W v Chief Constable of Nottinghamshire Police

Catherine Dent successfully represented the Appellant in an appeal to the High Court, before Mr Justice Bourne.
The Appellant had his claim for personal injury dismissed in the first instance at a trial before His Honour Judge Owens KC, sitting in the County Court at Derby.
The Facts
The Claimant was part of a group of youths being observed by Police as part of a serious and organised crime operation. Packages were observed being passed between the group and the police decided to intervene. The Claimant cycled away from the scene on his bicycle, on a pavement which was separated by a row of terraced houses and parked cars. The police officer, in a marked police vehicle, drove alongside the Claimant and instructed him to stop. Words were exchanged and the Claimant continued cycling along the pavement. The police officer made the decision to attempt to block the Claimant with his vehicle, by pulling onto the pavement ahead of the Claimant’s direction of travel.

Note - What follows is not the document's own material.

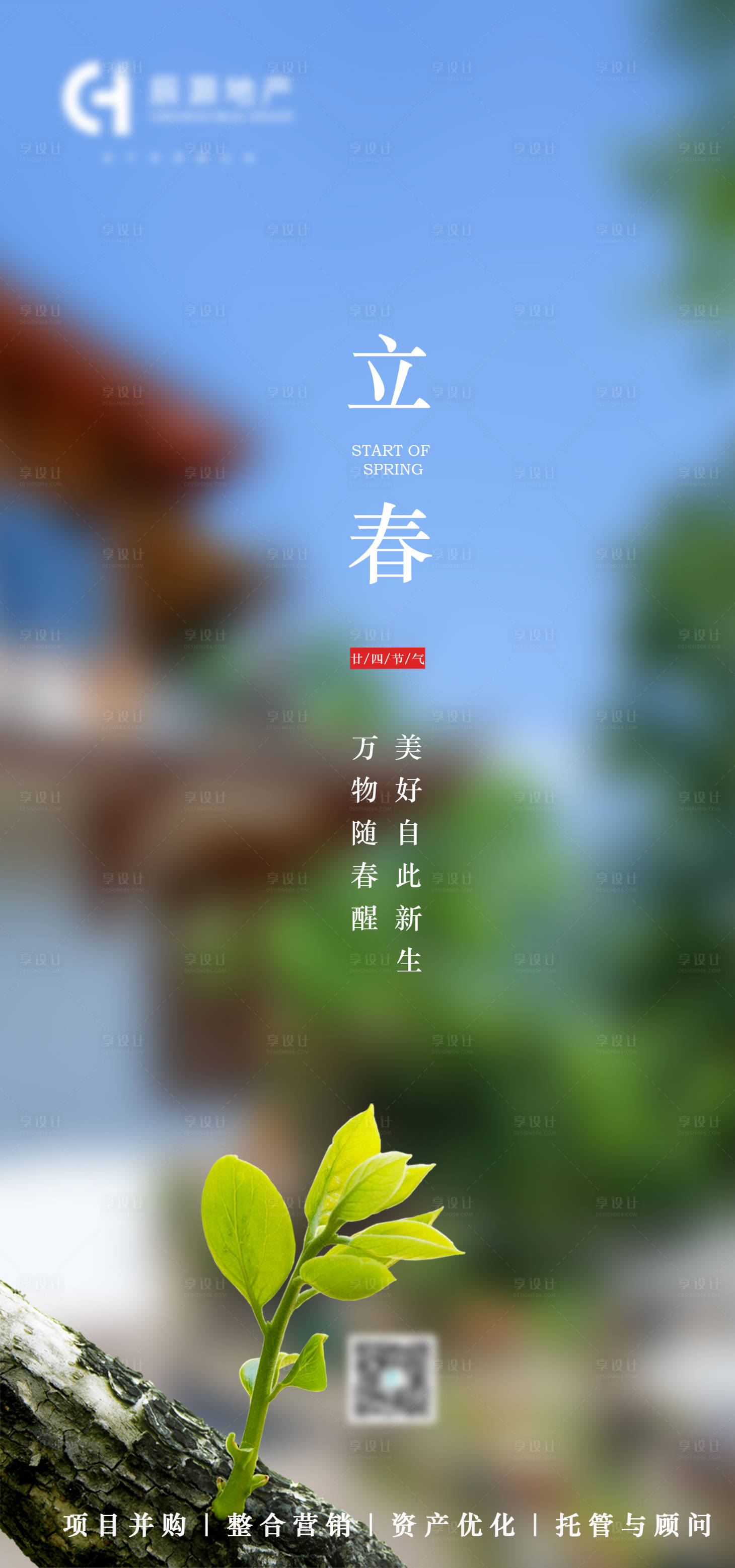 源文件下载【立春海报】编号：69530003451171510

The police officer pulled in front of the last terraced house on the street which had a concreted over front garden with a low brick wall separating it from the pavement. He stopped his vehicle and attempted to exit. As he did so, he neglected to put his car into park or neutral. As a consequence, the car moved forwards and obliquely struck the Claimant, proceeding on his bicycle, dislodging the wall in the process. The Claimant sustained modest injuries.
First Instance Decision
The Judge found that the police officer owed the Claimant a duty of care however, he considered that the police officer’s acts or omissions did not amount to negligence. He was acting in the heat of the moment, in stressful circumstances. The circumstances were considered as “non-trivial.” Reference was made to paragraph 70, 75 and 76 of the Supreme Court authority of Robinson v Chief Constable of West Yorkshire Police [2018] UKSC 4.
Grounds of Appeal
The Appellant was granted permission to appeal on the papers. The central ground of appeal was that the Judge was wrong in fact and in law to conclude that the actions of the police officer did not amount to negligence.

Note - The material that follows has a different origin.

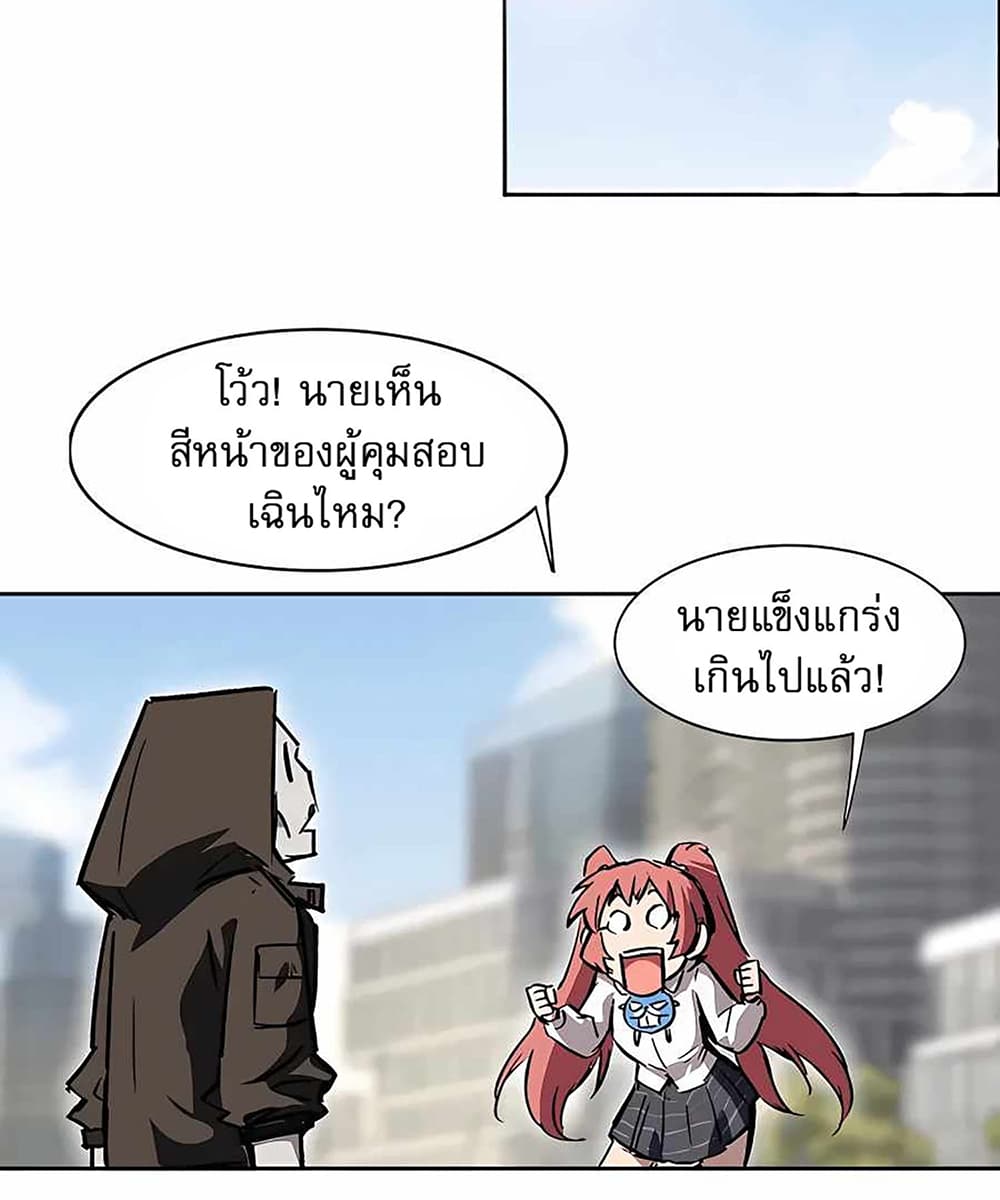 Mr. Zombie page 9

The Appellant submitted that the Claimant was travelling at “a little bit more than walking speed” as described by the police officer in cross examination. The police officer was highly trained in police pursuit and the action of placing a vehicle in neutral/park was not necessarily a decision-making process, rather something that is expected of every reasonably competent driver.
The Appeal
Allowing the appeal, Mr Justice Bourne concluded that the determination of the Judge could not stand. The officer’s relevant act or omission was not an error of Judgment. It did not involve anything in the nature of decision making, it was a pure omission that any driver might be bound to make. Whilst the first instance Judge was correct to describe the circumstances as “non- trivial,” they were far from extreme. The most revealing piece of evidence was that the Appellant was travelling at no more than a jogging pace. There was ample time for him to stop his car and give chase on foot.
That would be far from imposing unrealistically demanding standards or requiring perfection. Although the Judge’s reference to “difficult circumstances” and “the heat of the moment” was a factually correct explanation as to how the very basic error came about, it was not a significant legal reason to deny liability. It if were, it would suggest that officers attempting an arrest in relatively mundane circumstances could be excused from taking precaution and this would not sit well with Robinson.
Catherine was instructed by Leanne Rowley, Principal Partner at Express Solicitors.